[PATCH 3/4] sched: introduce synchronized idle injection

From: Jacob Pan
Date: Fri Nov 13 2015 - 14:54:50 EST


With increasingly constrained power and thermal budget, it's often
necessary to cap power via throttling. Throttling individual CPUs
or devices at random times can help power capping but may not be
optimal in terms of energy efficiency. Frequency scaling is also
limited by certain range before losing energy efficiency.

In general, the optimal solution in terms of energy efficiency is
to align idle periods such that more shared circuits can be power
gated to enter lower power states.
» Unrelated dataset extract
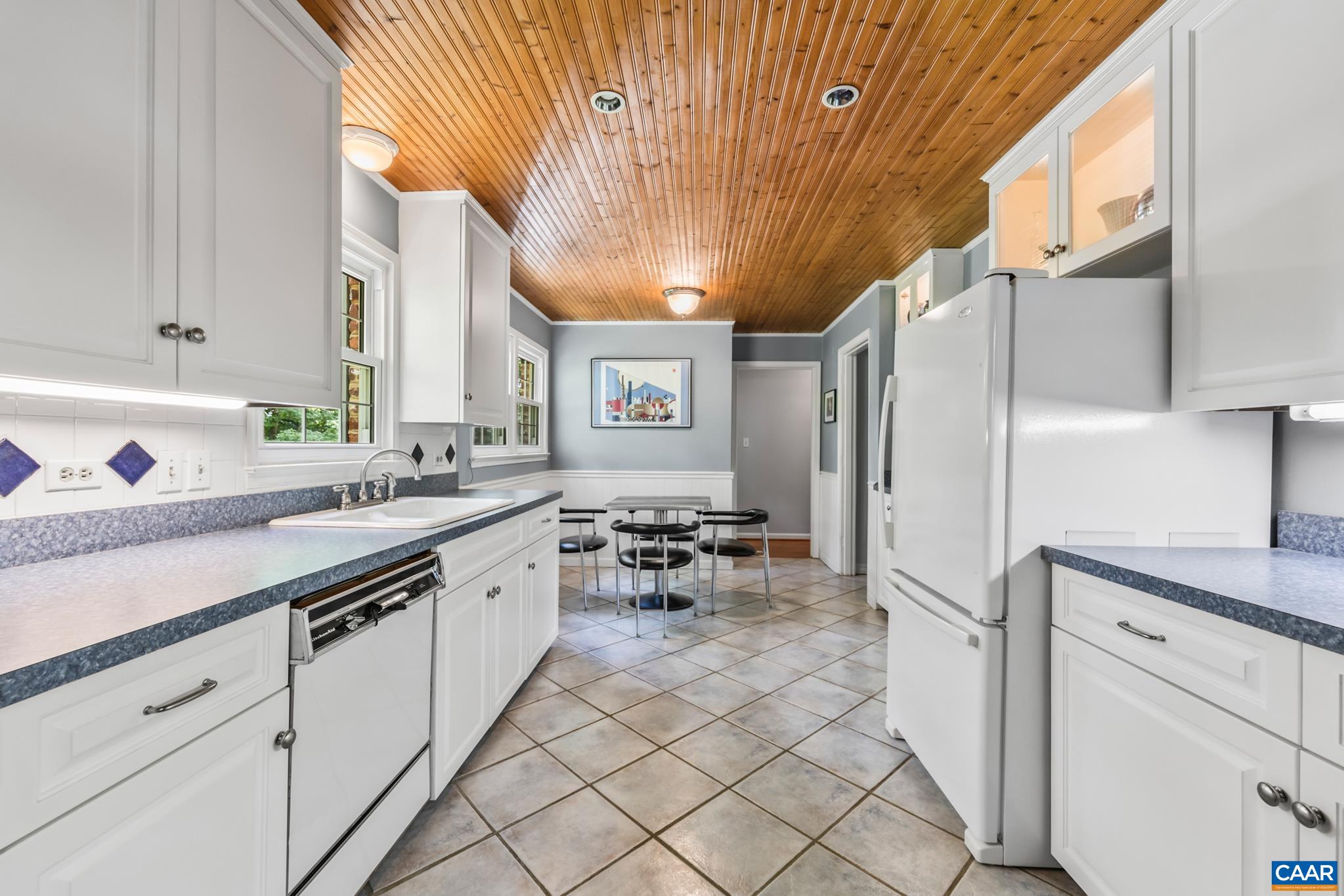 2402 BENNINGTON RD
Combined with energy efficient
frequency point, idle injection provides a way to scale power and
performance efficiently.

This patch introduces a scheduler based idle injection method, it
works by blocking CFS runqueue synchronously and periodically. The
actions on all online CPUs are orchestrated by per CPU hrtimers.
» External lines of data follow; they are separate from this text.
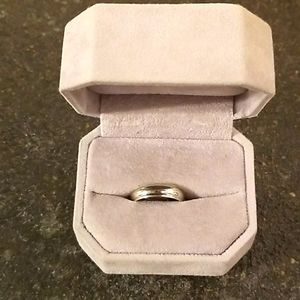 14K White Gold Band Size 6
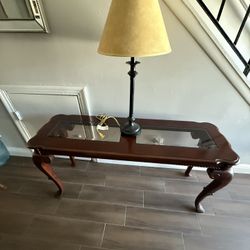 Entryway Table & Lamp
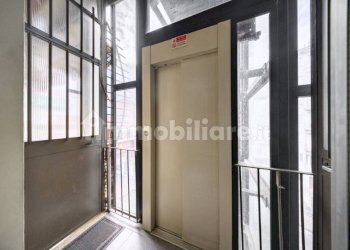 Ascensori - Three-room apartment via Rimini, 9, Torino - photo 6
Two sysctl knobs are given to the userspace for selecting the
percentage of idle time as well as the forced idle duration for each
idle period injected.

Since only CFS class is targeted, other high priority tasks are not
affected, such as EDF and RT tasks as well as softirq and interrupts.
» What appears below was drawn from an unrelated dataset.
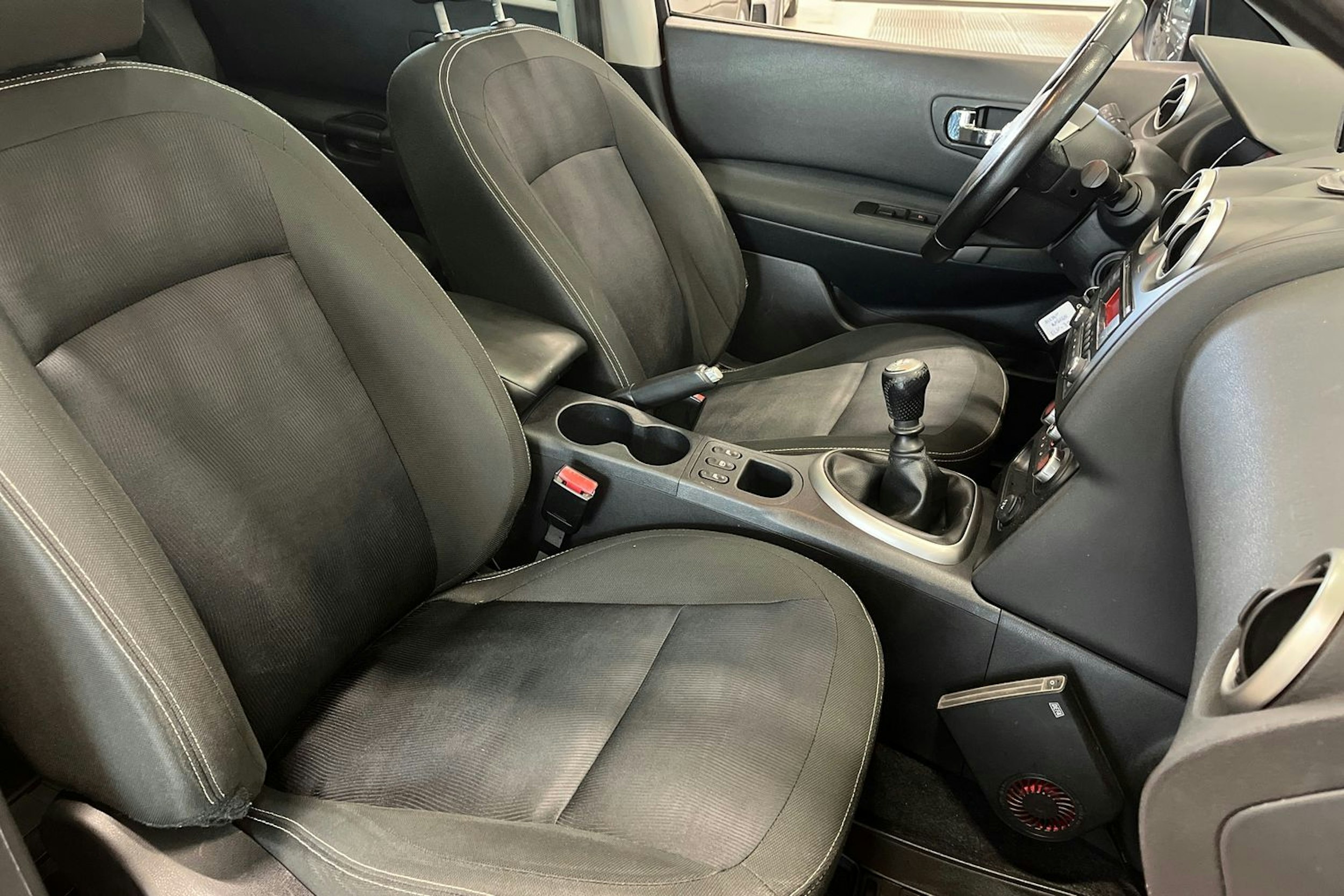 punainen Nissan Qashqai+2 2011 kuva 13.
Hotpath in CFS pick_next_task is optimized by Peter Zijlstra, where
a new runnable flag is introduced to combine forced idle and
nr_running.

Signed-off-by: Jacob Pan <jacob.jun.pan@xxxxxxxxxxxxxxx>
---
include/linux/sched.h | 11 ++
include/linux/sched/sysctl.h | 5 +
init/Kconfig | 10 ++
kernel/sched/fair.c | 353 ++++++++++++++++++++++++++++++++++++++++++-
kernel/sched/sched.h | 54 ++++++-
kernel/sysctl.c | 21 +++
6 files changed, 449 insertions(+), 5 deletions(-)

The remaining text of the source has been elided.